*** Opening PROVIDED ENTRIES ***
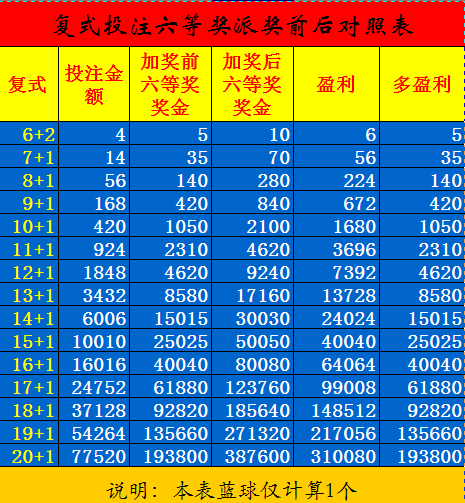 排三复式计算器，解锁彩票购彩的智能工具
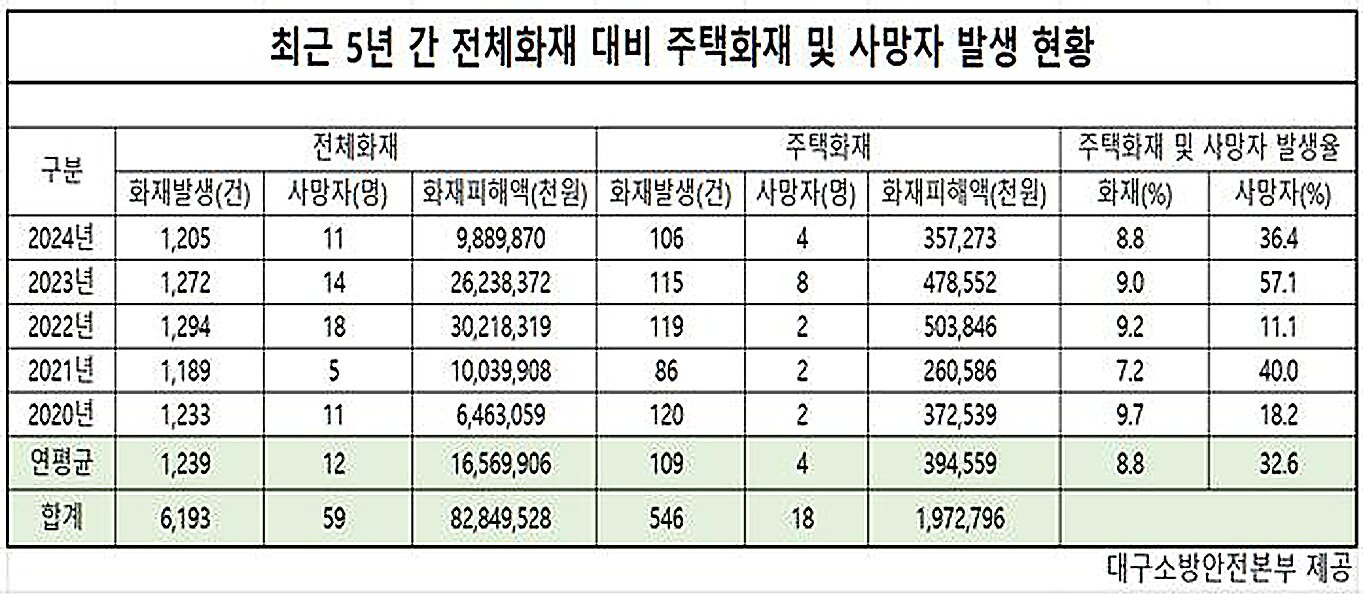 본문 이미지 - 최근 5년간 전체화재 대비 주택화재 및 사망자 발생 현황. (대구소방안전본부 제공)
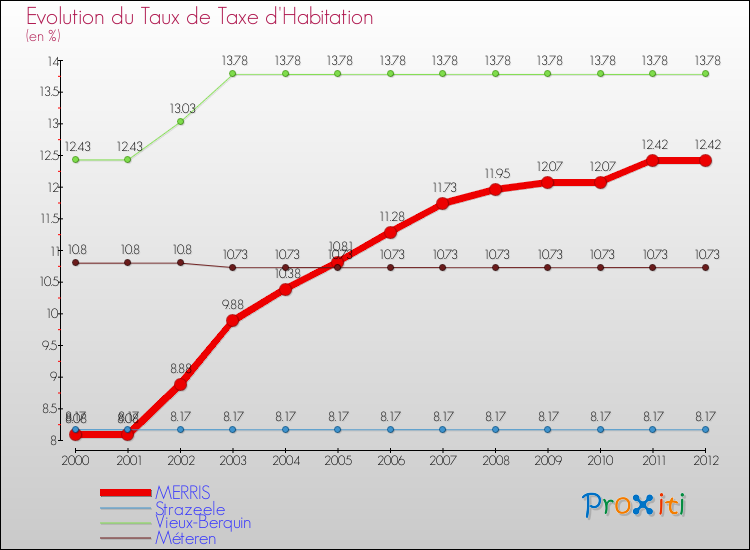 Evolution du taux de la taxe d'habitation pour MERRIS et les communes proches Comparaison des taux de la taxe d'habitation pour MERRIS et les communes voisines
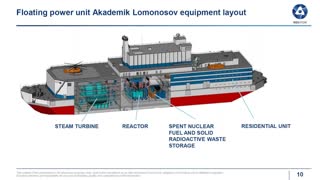 ENS webinar: "Rosatom SMR solutions: floating nuclear power plants and beyond"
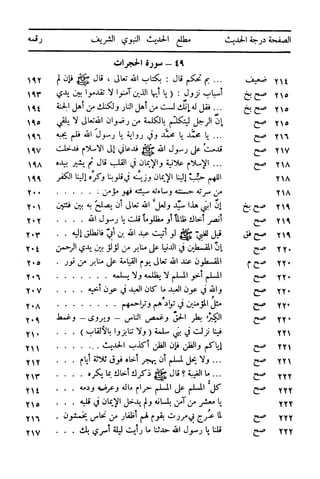  تيسير العلي القدير لاختصار تفسير ابن كثير - المجلد الرابع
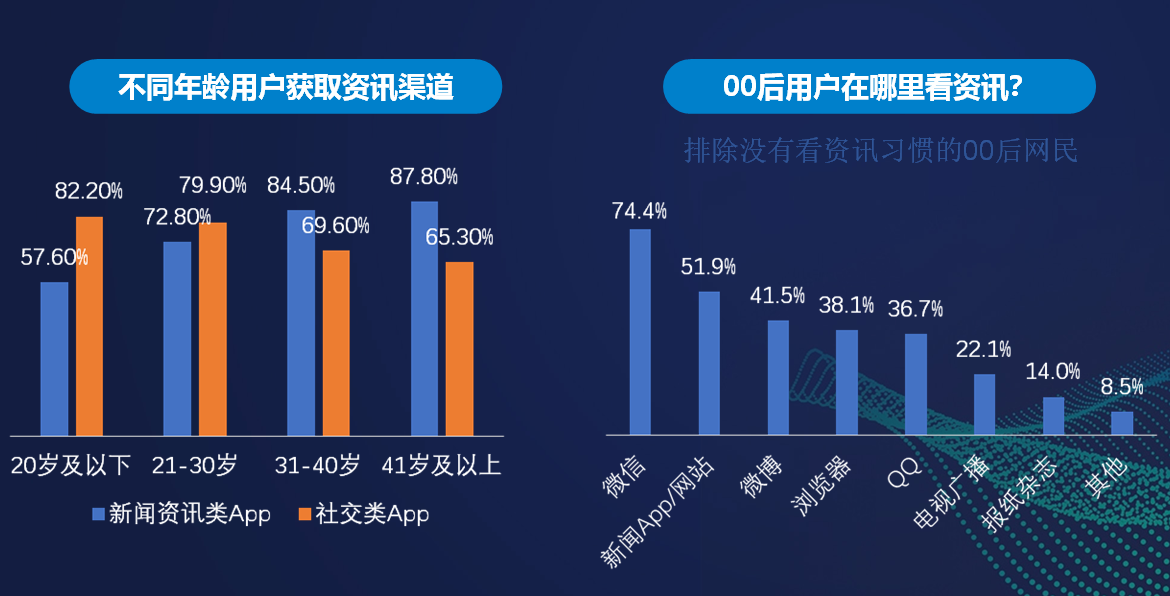 騰訊微校頒布發表《2019校園新媒體不雅察陳述》 高校糊口進進「微」期間 科技 第5張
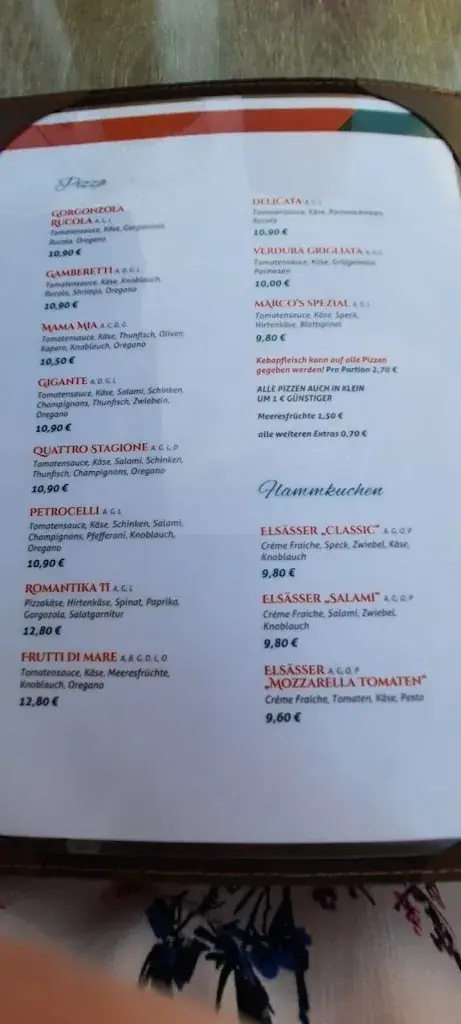 Menu_Pizzeria Romantika_Barwies_image_1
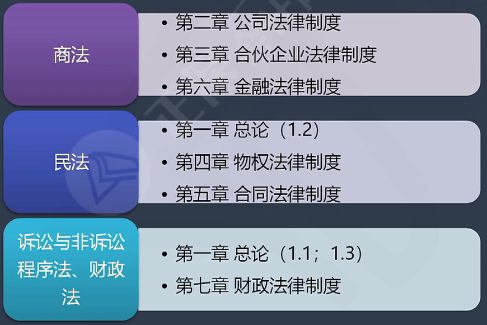 2022年中級會計經(jīng)濟法教材變化大 一圖搞懂教材結(jié)構(gòu)！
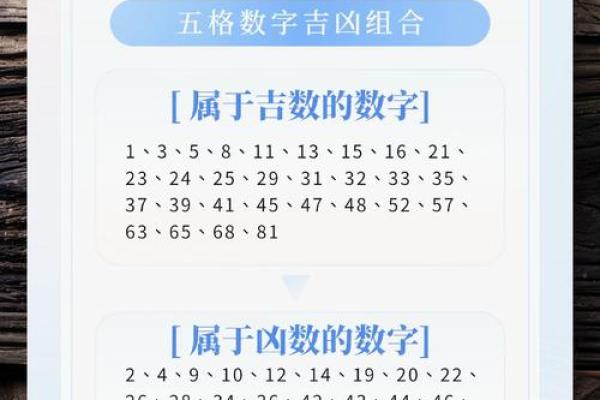 姓名五格测试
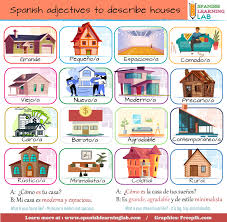 describing a house in spanish ser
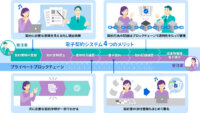 東芝デジタルソリューションズ、ブロックチェーンを活用した電子契約システムを提供開始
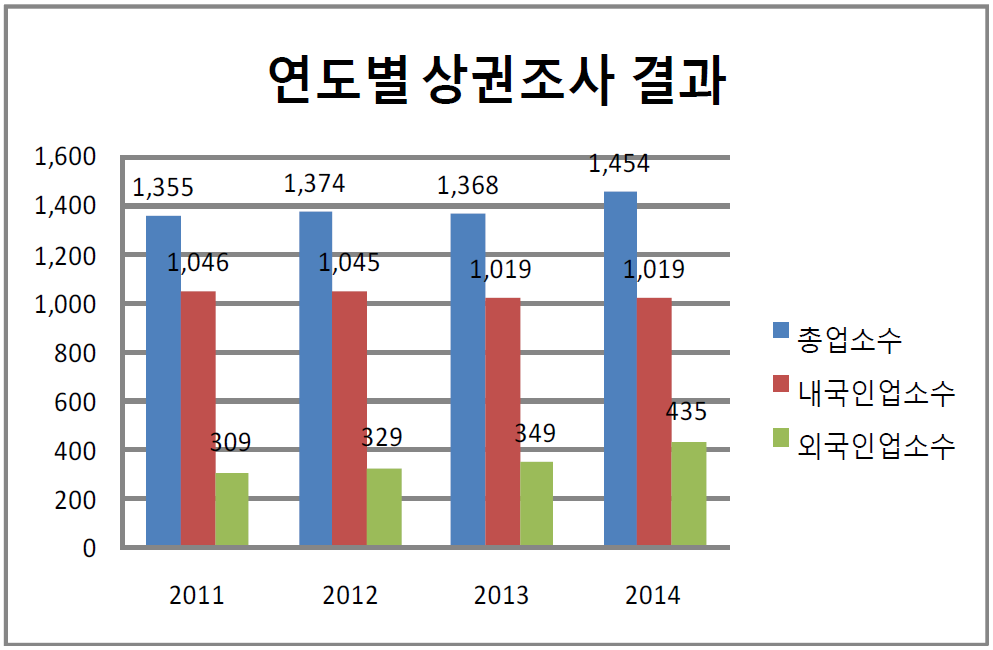 특구 지역 내 상권 현황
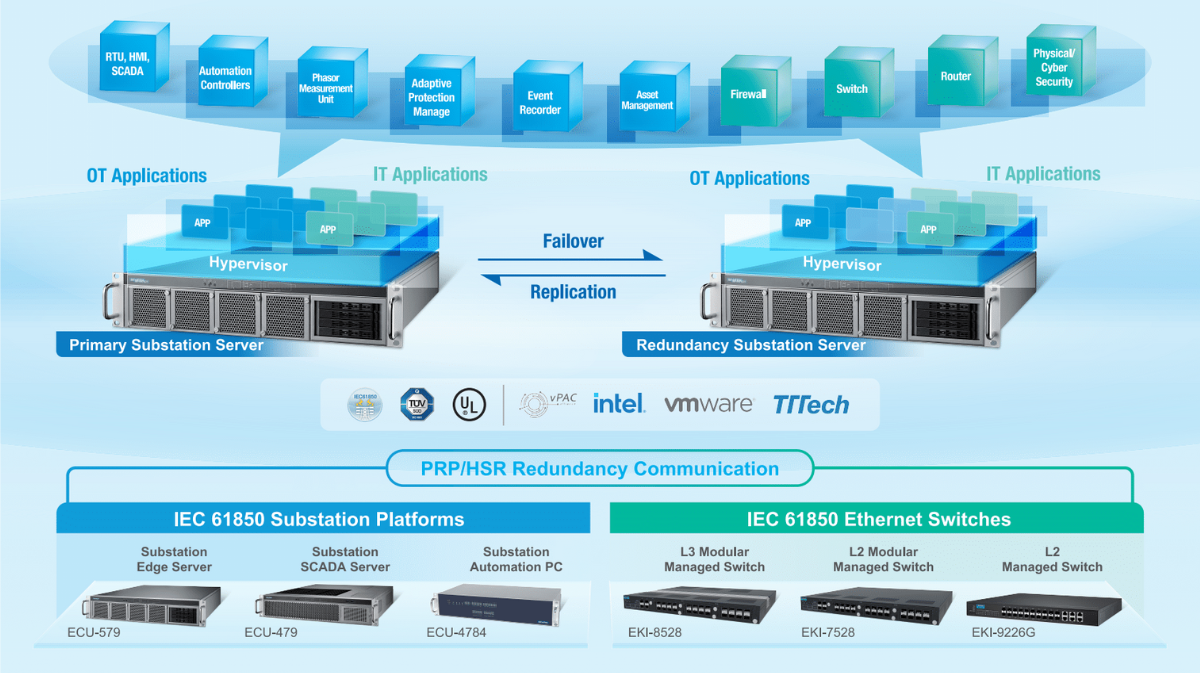 Smart Electrical Substation with IEC 61850 and Virtualization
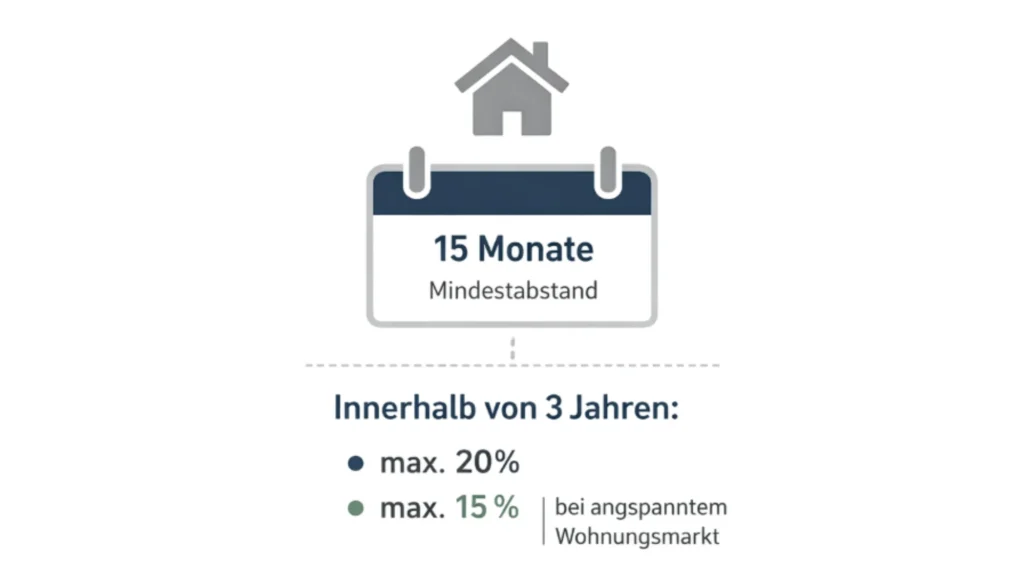 Grafik zur Mieterhöhung mit Hinweis auf 15 Monate Mindestabstand und Kappungsgrenze von 20 oder 15 Prozent innerhalb von drei Jahren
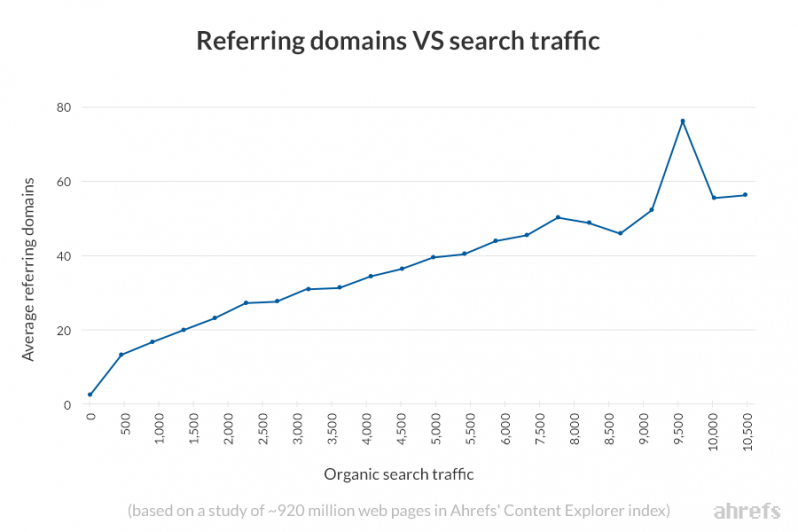 Generally, the more domains link to you, the more traffic you get.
*** Closing PROVIDED ENTRIES ***
■ **YOUR INSTRUCTIONS**
The answer must repeat every record exactly, with all pictures left out.

■ **OUTPUT OF THE TASK**
 排三复式计算器，解锁彩票购彩的智能工具
 본문 이미지 - 최근 5년간 전체화재 대비 주택화재 및 사망자 발생 현황. (대구소방안전본부 제공)
 Evolution du taux de la taxe d'habitation pour MERRIS et les communes proches Comparaison des taux de la taxe d'habitation pour MERRIS et les communes voisines
 ENS webinar: "Rosatom SMR solutions: floating nuclear power plants and beyond"
  تيسير العلي القدير لاختصار تفسير ابن كثير - المجلد الرابع
 騰訊微校頒布發表《2019校園新媒體不雅察陳述》 高校糊口進進「微」期間 科技 第5張
 Menu_Pizzeria Romantika_Barwies_image_1
 2022年中級會計經(jīng)濟法教材變化大 一圖搞懂教材結(jié)構(gòu)！
 姓名五格测试
 describing a house in spanish ser
 東芝デジタルソリューションズ、ブロックチェーンを活用した電子契約システムを提供開始
 특구 지역 내 상권 현황
 Smart Electrical Substation with IEC 61850 and Virtualization
 Grafik zur Mieterhöhung mit Hinweis auf 15 Monate Mindestabstand und Kappungsgrenze von 20 oder 15 Prozent innerhalb von drei Jahren
 Generally, the more domains link to you, the more traffic you get.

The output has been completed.